The Responsive Layout Problem
The second hard problem was responsive designs. A single design file might show how a UI looks at 1440px wide, 768px, and 375px — and reviewers need to be able to annotate at any of these breakpoints. A pin placed on the mobile view needs to be understood as a mobile-specific comment, not a general comment on the design.
We store the active breakpoint context as metadata on every annotation. When a reviewer switches between breakpoints, the engine filters displayed annotations to those created at matching or compatible breakpoints, plus any that were explicitly marked as cross-breakpoint (design-wide) feedback. In our testing with teams that work across multiple viewport sizes, this reduced breakpoint-related confusion by about 70% compared to a flat annotation model.

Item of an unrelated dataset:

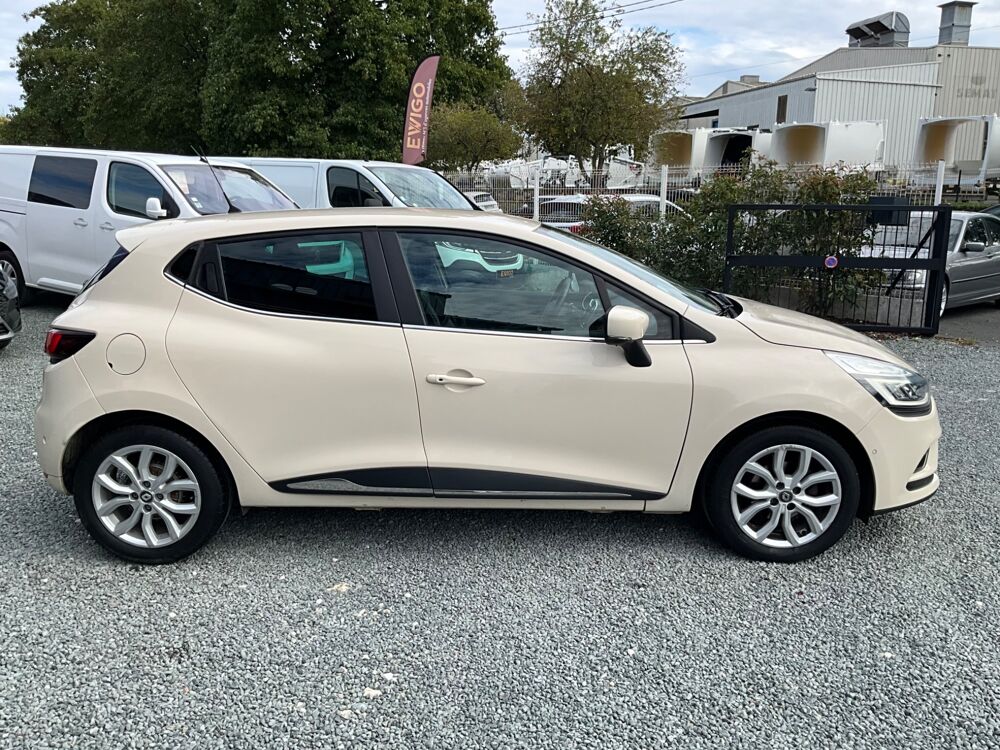 Clio 1.2 TCE 120 INTENS EDC / Premi&egrave;re main / Entretien complet / 2017 occasion 17000 La Rochelle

Threading and Resolution State
Threading sounds straightforward but has one non-obvious design decision: what does it mean to resolve a thread? Our first version had a simple resolved/unresolved toggle. Teams immediately started using it in contradictory ways — some treated resolution as "feedback was heard," others as "change was made," others as "stakeholder confirmed the change was correct."
We ended up with a three-state model: Open (active feedback), In Progress (acknowledged, action being taken), Resolved (change made and confirmed). The In Progress state, which we almost cut, turned out to be the state teams use most to communicate during active revision rounds.
The annotation engine now handles about 2.3 million pin placements per month across Atelier workspaces. The coordinate migration algorithm runs on every version upload and takes under 200ms even on large files with hundreds of annotations. Most of the complexity is invisible to users — which is exactly how it should be. The best infrastructure is the kind you never have to think about.